After visiting the American Sign Museum in Cincinnati, I did
what I’d been meaning to do for months: I rented the 2014 documentary Sign Painters online from FilmBuff.
(It’s also available from Amazon and other sources.) This loving tribute to a
neglected 20th century art form includes interviews with some of its leading
practitioners, like the late Keith Knecht, whose John Wayne posters I featured
in my last web post. It also introduces us to artists who are still playing
their trade, including young people who will carry it on for years to come.
There is even a class in traditional sign painting technique (or sign graphics)
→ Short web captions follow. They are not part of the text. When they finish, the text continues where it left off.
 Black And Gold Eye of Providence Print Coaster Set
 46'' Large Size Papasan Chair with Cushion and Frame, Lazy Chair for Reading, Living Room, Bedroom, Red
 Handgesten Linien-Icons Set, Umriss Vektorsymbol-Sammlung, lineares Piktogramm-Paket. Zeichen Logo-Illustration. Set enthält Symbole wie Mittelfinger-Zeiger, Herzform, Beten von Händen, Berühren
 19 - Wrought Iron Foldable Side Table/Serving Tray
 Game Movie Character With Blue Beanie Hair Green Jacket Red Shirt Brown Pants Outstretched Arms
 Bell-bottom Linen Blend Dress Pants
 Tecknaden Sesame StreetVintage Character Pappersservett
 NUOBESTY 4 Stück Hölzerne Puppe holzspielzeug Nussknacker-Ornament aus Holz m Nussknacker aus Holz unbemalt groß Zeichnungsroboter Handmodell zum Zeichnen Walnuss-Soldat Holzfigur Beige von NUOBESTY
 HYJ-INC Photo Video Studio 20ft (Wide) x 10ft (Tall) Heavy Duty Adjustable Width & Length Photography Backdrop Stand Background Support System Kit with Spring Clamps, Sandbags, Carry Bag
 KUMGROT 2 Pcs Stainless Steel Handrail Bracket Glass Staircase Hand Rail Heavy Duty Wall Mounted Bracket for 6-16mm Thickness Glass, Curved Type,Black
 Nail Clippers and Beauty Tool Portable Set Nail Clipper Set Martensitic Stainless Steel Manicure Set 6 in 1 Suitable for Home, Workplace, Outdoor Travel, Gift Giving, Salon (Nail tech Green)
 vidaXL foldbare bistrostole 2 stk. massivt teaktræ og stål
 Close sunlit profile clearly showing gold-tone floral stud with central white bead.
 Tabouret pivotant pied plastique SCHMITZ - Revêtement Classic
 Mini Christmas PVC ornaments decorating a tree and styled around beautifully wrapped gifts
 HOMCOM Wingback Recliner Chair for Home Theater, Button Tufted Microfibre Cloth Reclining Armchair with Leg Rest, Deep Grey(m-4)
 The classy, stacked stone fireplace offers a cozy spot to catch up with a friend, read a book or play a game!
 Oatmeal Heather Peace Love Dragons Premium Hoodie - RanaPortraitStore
being taught at the Los Angeles Technical Trade College.
My hat’s off
to Faythe Levine and Sam Macon, who spent years creating this labor of love, as
well as Josh Luke and Bob Behounek, who provided their lettering, and Dave
Kiehl of Harvest Moon Design, who was responsible for the inventive title
animation and end credits.
But there is
another movie that sings the praises of sign painters, and it was made more
than eighty years ago. Face in the Sky
(Fox, 1933) stars Spencer Tracy and Stuart Erwin as a pair of itinerant artists
who paint their images on the sides of barns across the countryside. Tracy is a
cocky fellow with the soul of a poet, an opinion that others don’t necessarily
share, in this fanciful tale directed by Harry Lachman—himself a former artist
and illustrator. Humphrey Pearson’s screenplay was based on a story by Frank
Capra’s close friend and sometimes-collaborator Myles Connolly.
Unfortunately,
it’s not an easy movie to see, because the sole surviving print, in the 16mm
format, was copied from a rapidly deteriorating 35mm original in the 1970s. It
exists in the William K. Everson Collection at George Eastman House (just
renamed the George Eastman Museum) and was last screened at a Cinefest in
Syracuse, New York.
I first saw it
when Bill Everson screened it at his Theodore Huff Film Society in the early 1970s. His lifelong friend Alex Gordon had gotten a job as archivist at 20th Century Fox and saved a number of late-silent and early-talkie films that were in fragile, even perilous, condition. (As you may know, a vault fire destroyed many of Fox’s original negatives in the 1930s.) Alex did heroic work—and sent beautiful 16mm prints to Bill in New York with the understanding that Bill could screen them at the Huff Society (itself a secret organization that you had to know about to attend,) but couldn’t announce the titles ahead of time. (—even minutes ahead of time.) Bill added one of these Fox pictures to the existing
programs for more than a year. That meant that diehards like me had to attend
every weekly show, even if we’d already seen the scheduled pictures, because we
didn’t know what the bonus film might turn out to be!
One night we
laid eyes on the disarming Face in the
Sky, which Bill later showed in his Friday night series at the New School
for Social Research. The 35mm source material was splicy and missing bits of footage,
but it was still exciting to see such a whimsical and offbeat film, in any
condition. To cite Bill’s program notes,
“From its zany mock documentary forward to its curious genre change—beginning
as a rural romantic melodrama, winding up as big city musical and fantasy—Face in the Sky is at least
unpredictable. It’s also uneven, perhaps one of the problems of giving a new
director fragile Myles Connolly material, a dialogue coach and a heavyweight
cameraman (Lee Garmes) to help him over the rough spots…. Sometimes the film
is brisk and flowing, at other times relaxed and equally flowing, yet in
between there are episodes where the momentum is lost and the film seems to be
going nowhere. It’s an oddity all right, but a charming and often surprising one,
so we can readily forgive its rough edges. It’s the 11th of Spencer Tracy’s 19
films for Fox between 1930 and 1935, after having tried him out as a second
string Cagney, Fox here seems to be experimenting with him in a Will Rogers
vein.”
Here’s hoping
that someday, someone will digitize Face
in the Sky and make it available to curious film buffs—and sign-painting
fans.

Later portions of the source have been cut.